Worse yet is the implication, for which the text acknowledges there is no justifying evidence, that older patients could be sent directly to intermediate care, bypassing the skilled diagnostic evaluation that the complexities of disease and disability in old age require.4 This must not be allowed to happen, at least until the unconvincing and overbureaucratic proposals for a single assessment process have been properly evaluated as adequate for the purpose.

But geriatricians are professional optimists, and the ERG has put some good things in the framework. The proposals for hospital geriatric services will encourage any laggard trust where such services are not already in place. The framework gives clear and robust guidelines for the treatment and prevention of stroke, and its performance indicators will capture important elements of good care. Many deaths and much disability will be prevented if the guidance is matched by resources. The proposals for mental health follow conventional wisdom, and an increase in surgical interventions to reduce disability will be welcome.

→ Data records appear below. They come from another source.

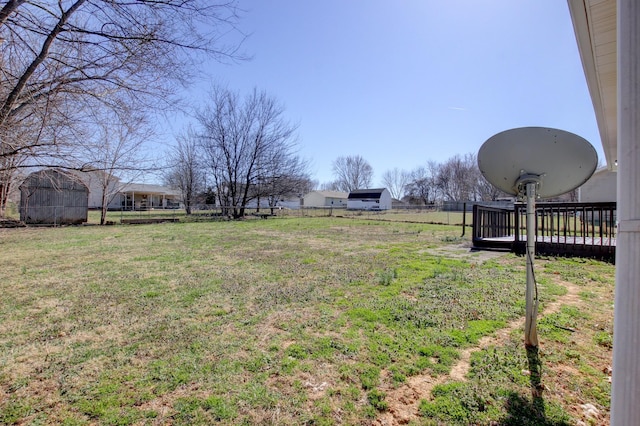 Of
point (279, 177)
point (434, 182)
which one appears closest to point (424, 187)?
point (434, 182)

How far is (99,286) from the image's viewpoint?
14.0ft

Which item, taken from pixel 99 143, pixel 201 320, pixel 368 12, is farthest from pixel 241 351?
pixel 368 12

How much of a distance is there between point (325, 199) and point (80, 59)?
53095 mm

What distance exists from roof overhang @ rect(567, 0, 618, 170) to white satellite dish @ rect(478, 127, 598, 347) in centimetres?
107

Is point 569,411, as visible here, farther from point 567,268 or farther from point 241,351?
point 567,268

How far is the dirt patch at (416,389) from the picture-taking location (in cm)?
168

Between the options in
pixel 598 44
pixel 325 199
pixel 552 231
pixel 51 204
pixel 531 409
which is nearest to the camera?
pixel 531 409

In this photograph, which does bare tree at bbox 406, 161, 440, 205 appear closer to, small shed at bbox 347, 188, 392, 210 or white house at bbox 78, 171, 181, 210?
small shed at bbox 347, 188, 392, 210

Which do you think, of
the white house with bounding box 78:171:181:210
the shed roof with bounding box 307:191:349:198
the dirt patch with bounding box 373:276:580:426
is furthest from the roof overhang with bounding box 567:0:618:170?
the shed roof with bounding box 307:191:349:198

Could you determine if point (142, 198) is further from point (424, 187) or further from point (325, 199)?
point (424, 187)

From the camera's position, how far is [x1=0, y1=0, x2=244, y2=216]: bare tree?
2.33 meters

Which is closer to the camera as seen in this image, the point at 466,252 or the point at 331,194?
the point at 466,252

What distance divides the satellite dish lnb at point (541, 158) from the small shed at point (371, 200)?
158ft

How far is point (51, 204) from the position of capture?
15.0 meters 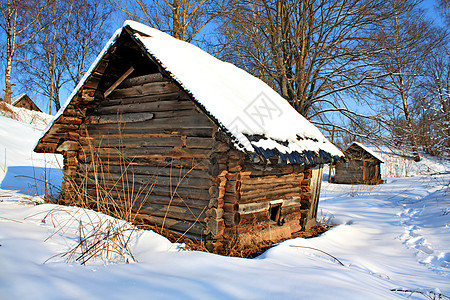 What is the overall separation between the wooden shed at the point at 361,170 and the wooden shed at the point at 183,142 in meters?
15.7

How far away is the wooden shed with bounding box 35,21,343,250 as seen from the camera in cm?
462

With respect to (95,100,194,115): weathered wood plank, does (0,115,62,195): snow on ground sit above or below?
below

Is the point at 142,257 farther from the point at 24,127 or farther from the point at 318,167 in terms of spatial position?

The danger from the framework's split personality will lie in deceptive implementation. Clinicians will enthusiastically endorse the ERG's good intentions, but the managerial caste will follow the IG agenda. Best hope would come from the general public and its older people taking a more informed and active interest in their own welfare. This would need the Iron Curtain on NHS information, created by the internal market, to be lifted. Trusts should be required to make their operational data available to public scrutiny. People could then judge for themselves whether they are the victims of ageist practice. Practice is substance, policy mere spin. There is no public access to unspun data in the framework's recommendations for information in the NHS. Whatever happened to open government?

John Grimley Evans, professor of clinical geratology

Radcliffe Infirmary, Oxford OX2 6HE

Raymond C Tallis, professor of geriatric medicine

Hope Hospital, Salford M6 8HD



1. Department of Health. National service framework for older people. London: DoH, 2001. http://www.doh.gov.uk/nsf/olderpeople.htm
2. Kmietowicz Z. Plan to end age discrimination in NHS is launched. BMJ 2001; 322: 751[Free Full Text].
3. Topic Working Group. Report to the NHS R&D strategic review. Ageing and age-associated disease and disability. London: NHS Executive, 1999. http://www.doh.gov.uk/research/documents/rd3/ageing_final_report.pdf
4. Grimley Evans J. How are the elderly different? In: Kane RL, Grimley Evans J, Macfadyen D, eds. Improving the health of older people: a world view. Oxford: Oxford University Press, 1990:50-68.